Dataset records →
--- START ---
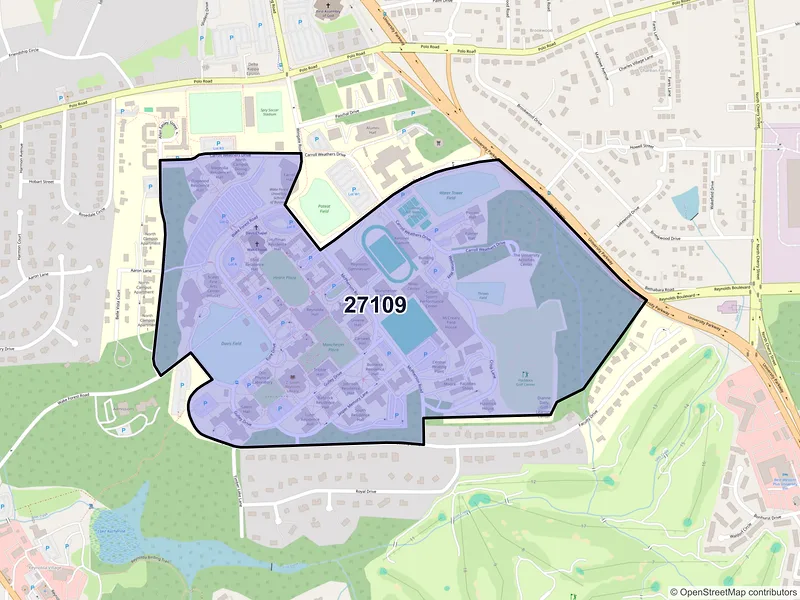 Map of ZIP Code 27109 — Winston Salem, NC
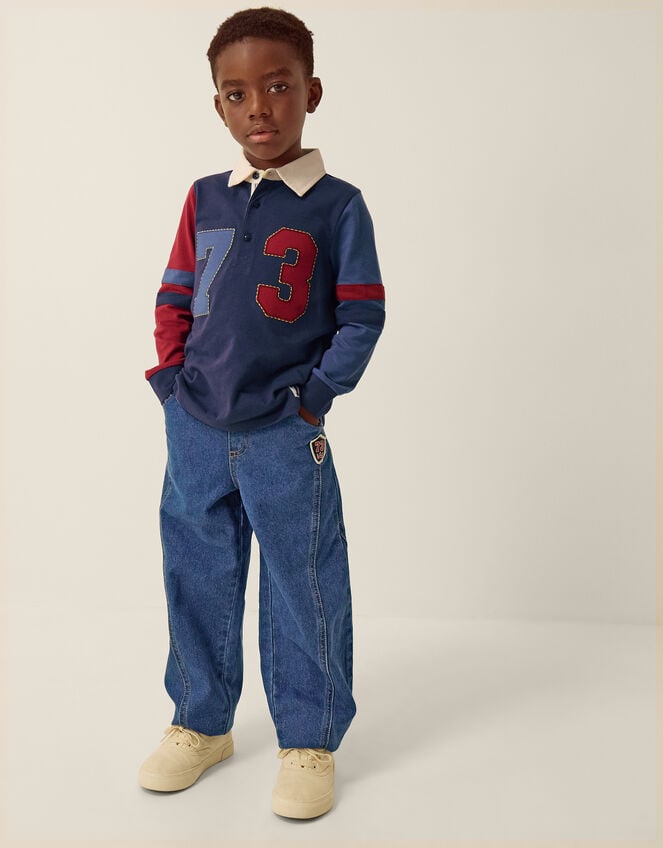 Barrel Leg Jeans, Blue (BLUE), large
--- END ---
--- START ---
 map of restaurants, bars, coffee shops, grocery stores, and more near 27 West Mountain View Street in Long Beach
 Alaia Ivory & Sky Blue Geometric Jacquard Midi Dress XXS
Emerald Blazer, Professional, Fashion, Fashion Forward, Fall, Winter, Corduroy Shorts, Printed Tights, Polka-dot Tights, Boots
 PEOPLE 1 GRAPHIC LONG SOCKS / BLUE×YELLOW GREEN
--- END ---
--- START ---
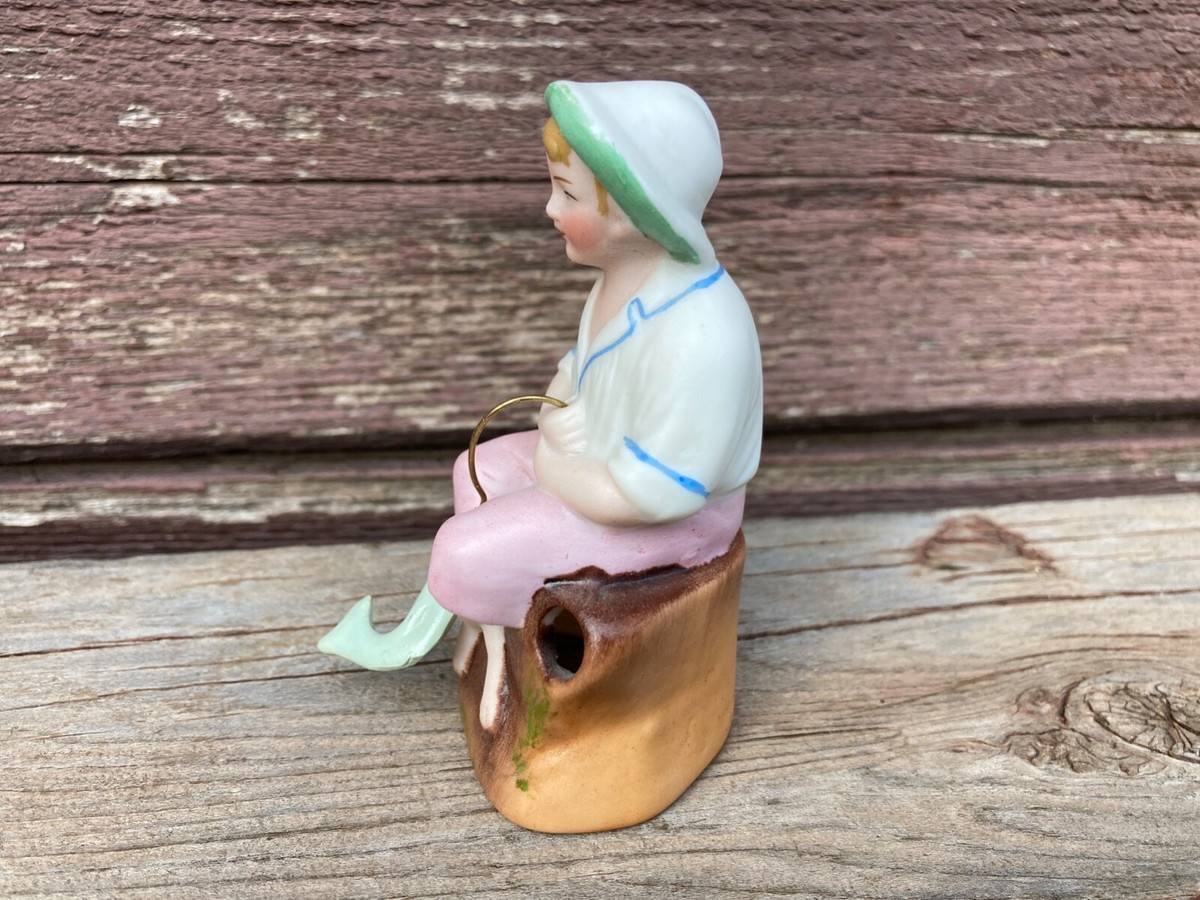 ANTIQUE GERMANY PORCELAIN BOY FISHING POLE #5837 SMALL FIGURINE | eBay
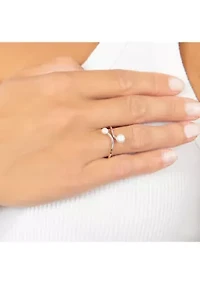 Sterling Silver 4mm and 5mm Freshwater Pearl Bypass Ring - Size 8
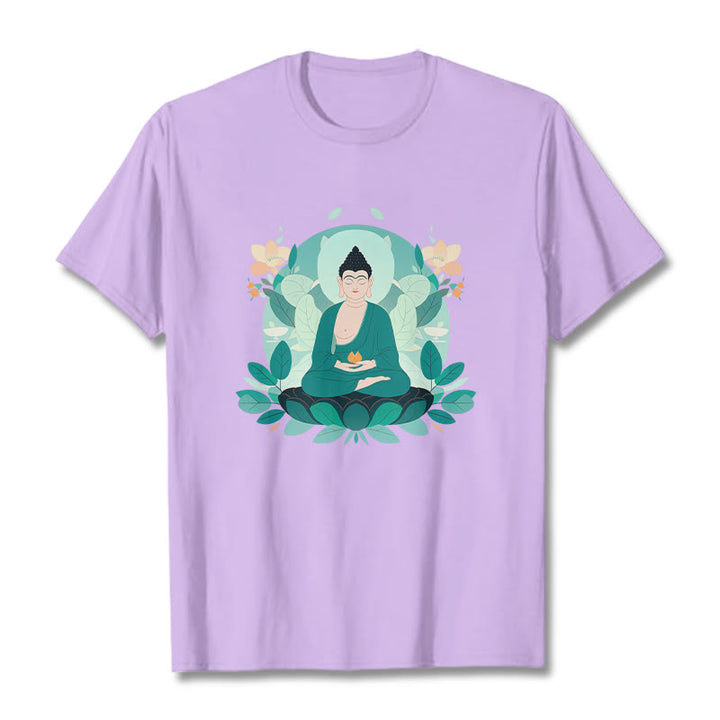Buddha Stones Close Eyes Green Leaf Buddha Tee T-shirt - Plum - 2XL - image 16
--- END ---
Your goal →
Beginning with the line holding "Emerald Blazer, Professional, Fashion, Fashion" and ending with the line holding "PEOPLE 1 GRAPHIC", write out the stretch of material above exactly; add no further lines.

Answer for the task →
Emerald Blazer, Professional, Fashion, Fashion Forward, Fall, Winter, Corduroy Shorts, Printed Tights, Polka-dot Tights, Boots
 PEOPLE 1 GRAPHIC LONG SOCKS / BLUE×YELLOW GREEN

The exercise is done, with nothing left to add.